Biao Xiang, Director of the Department ‘Anthropology of Economic Experimentation: Frontiers of Transformation’, was recently featured in a popular comic. Titled Bullshit Jobs (in China) the zine collects a series of web comics by Krish Raghav, along with a theoretical postscript reflecting on the origins of widespread stress and disillusionment among Chinese youth about their working lives.

Bullshit Jobs (in China)
Bullshit Jobs (in China)

The comic cites an interview that Xiang gave on the Chinese media platform The Paper (23 Oct 2020), which has been read hundreds of thousands of times and is available in English on the sister platform The Sixth Tone (https://www.sixthtone.com/news/1006391/how-one-obscure-word-captures-urban-chinas-unhappiness). In the interview, Xiang traces the history of the word “involution”, an obscure anthropological concept that has recently become a buzzword in social debates in China. In economic anthropology, involution means that increasing input leads to operations becoming more complicated rather than increasing output, thus resulting in stagnation. Since mid-2020, involution has come to be used in Chinese social media to refer to a constant pressure to perform which, however, does not lead to any tangible improvement in one’s life. Xiang points out that this appropriation of the term should be understood as a creative expression of particular type of anxiety that is widespread among the Chinese youth. This anxiety is due to fierce social competition in which very few can win, yet, “there is no exit ramp from this endless cycle of self-flagellation”, as Xiang is quoted in the comic. Competition for a better life has become a moral obligation. “By stepping down the social ladder, you’re essentially committing a moral betrayal” Xiang explains.

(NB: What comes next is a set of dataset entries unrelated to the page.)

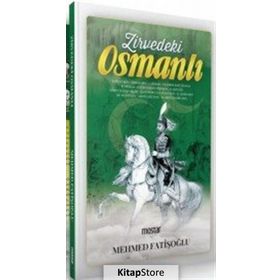 Zirvedeki Osmanlı - Mehmet Fatışoğlu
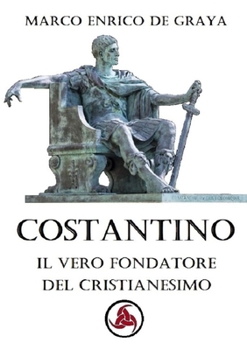 Paperback Costantino, il vero fondatore del Cristianesimo [Italian] Book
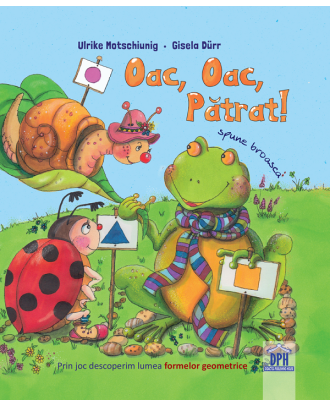 Oac, Oac, Patrat! Spune broasca!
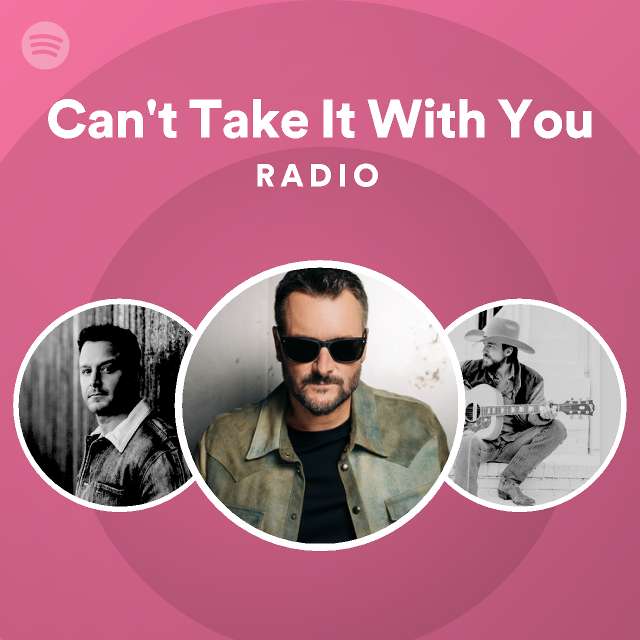 Can't Take It With You Radio - playlist by Spotify | Spotify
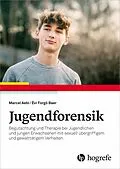 E-Book (pdf) Jugendforensik von Marcel Aebi, Évi Forgó Baer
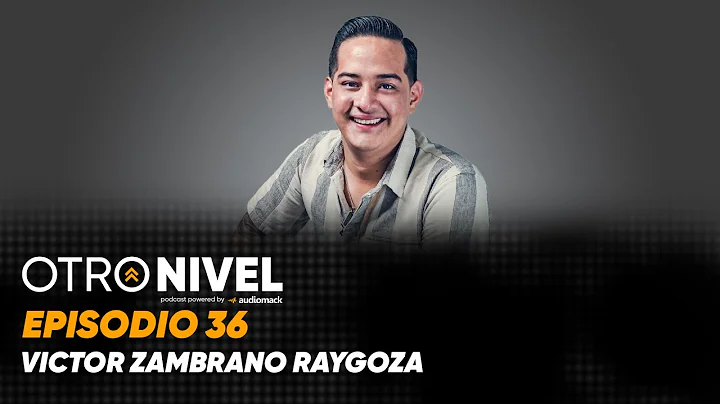 Otro Nivel Podcast ft. Victor Zambrano Raygoza (Ep...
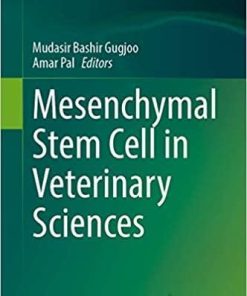 Mesenchymal Stem Cell in Veterinary Sciences 1st ed. 2020 Edition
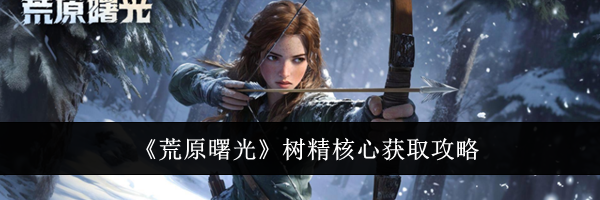 《荒原曙光》树精核心获取攻略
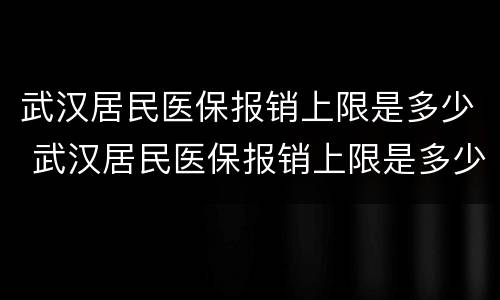 武汉居民医保报销上限是多少 武汉居民医保报销上限是多少天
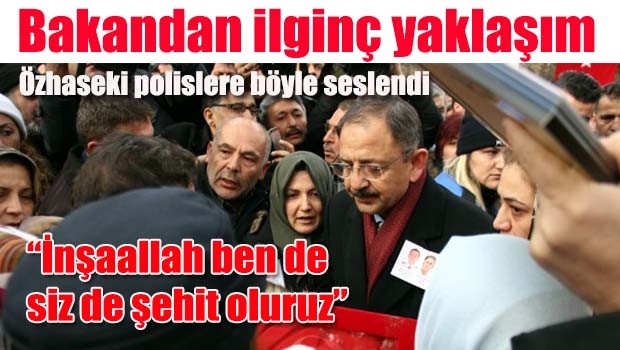 Çevre Bakanı Özhaseki'den ilginç 'şehit' yaklaşımı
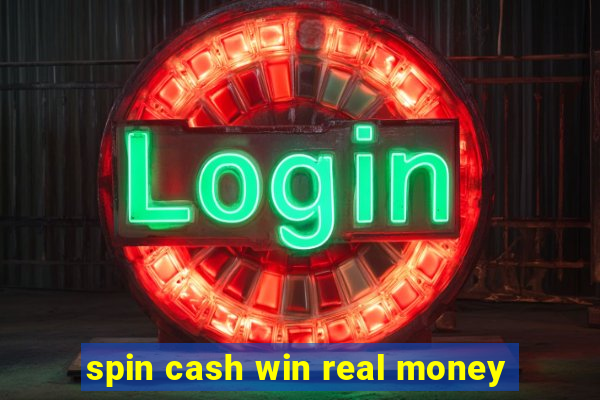 spin cash win real money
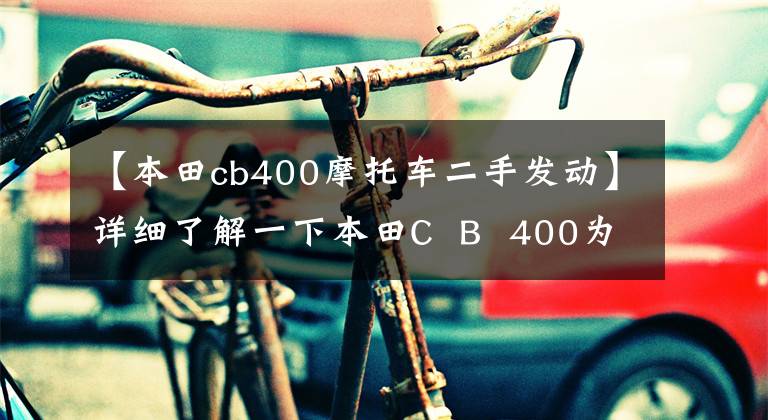 【本田cb400摩托车二手发动】详细了解一下本田C B 400为什么很多毛友都叫经典。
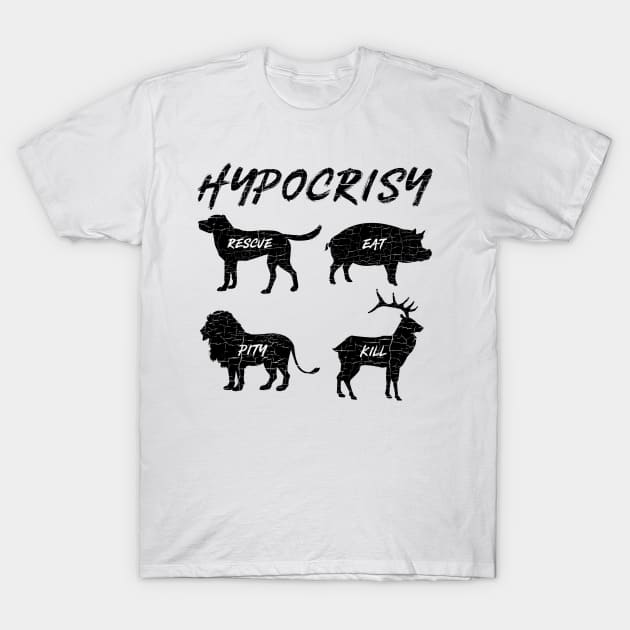 'Hypocrisy' Funny Vegan Vegetarian T-Shirt by ourwackyhome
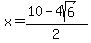 x=%2810-4sqrt%286%29%29%2F2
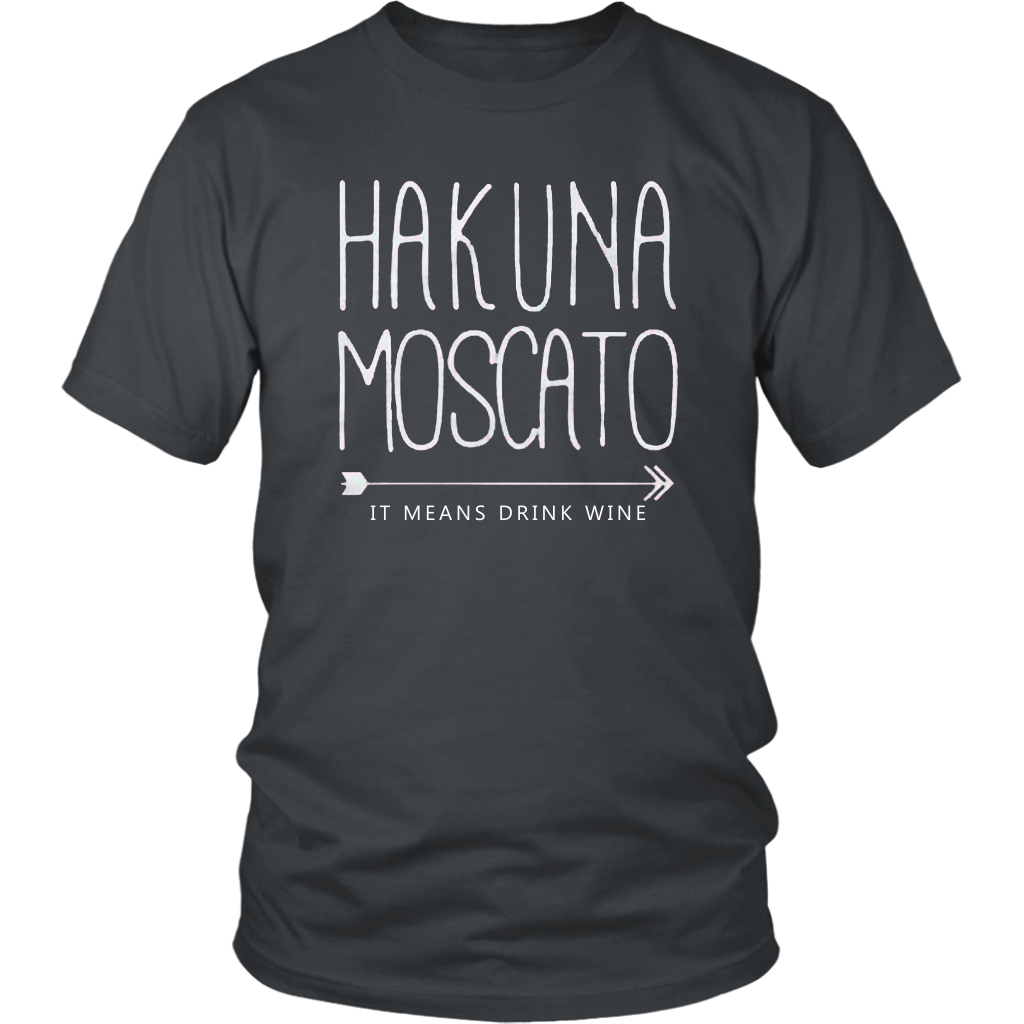 Hakuna Moscato T-Shirt - Shop Sassy Chick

“Biao Xiang’s work really resonated with me because it provided a vocabulary, a frame to understand events that one sees every day” Krish Raghav says. “It connected the dots between disparate everyday experiences, providing a way to make sense of complicated phenomena.” These experiences include, in particular, the “bullshit jobs” (a term popularized by anthropologist David Graeber) featured in the web comic. Xiang’s work, Raghav noted, illuminates “the encounters with class and privilege in Beijing, the language that is trending online when talking about work, and the news we read about labour and working conditions.”

Competition became particularly fierce because, as Xiang points out, different aspects of life – one’s educational achievements, economic status, and marriage prospects – are all closely linked in Chinese society today. The popular criteria in judging what a good life means has become more, rather than less, homogeneous.  This not only runs counter to classical sociological theories. According to these theories, differentiation between “spheres of exchange” increases with modernization, which means that different types of goods – for instance basic subsistence goods such as yams versus luxury goods such as fancy clothes – are not exchangeable, and they are instead traded within their own sphere. In many societies, the sphere of subsistence is an area for collaboration, and competition is concentred in the sphere of prestige. But when social competition becomes total, there is no exit.

“I am very encouraged to see anthropological analyses make their way into non-fiction comics”, Xiang says. “Raghav’s popular comic series addresses serious social issues, and making anthropological ideas available in this format will excite more discussions among young people in China.”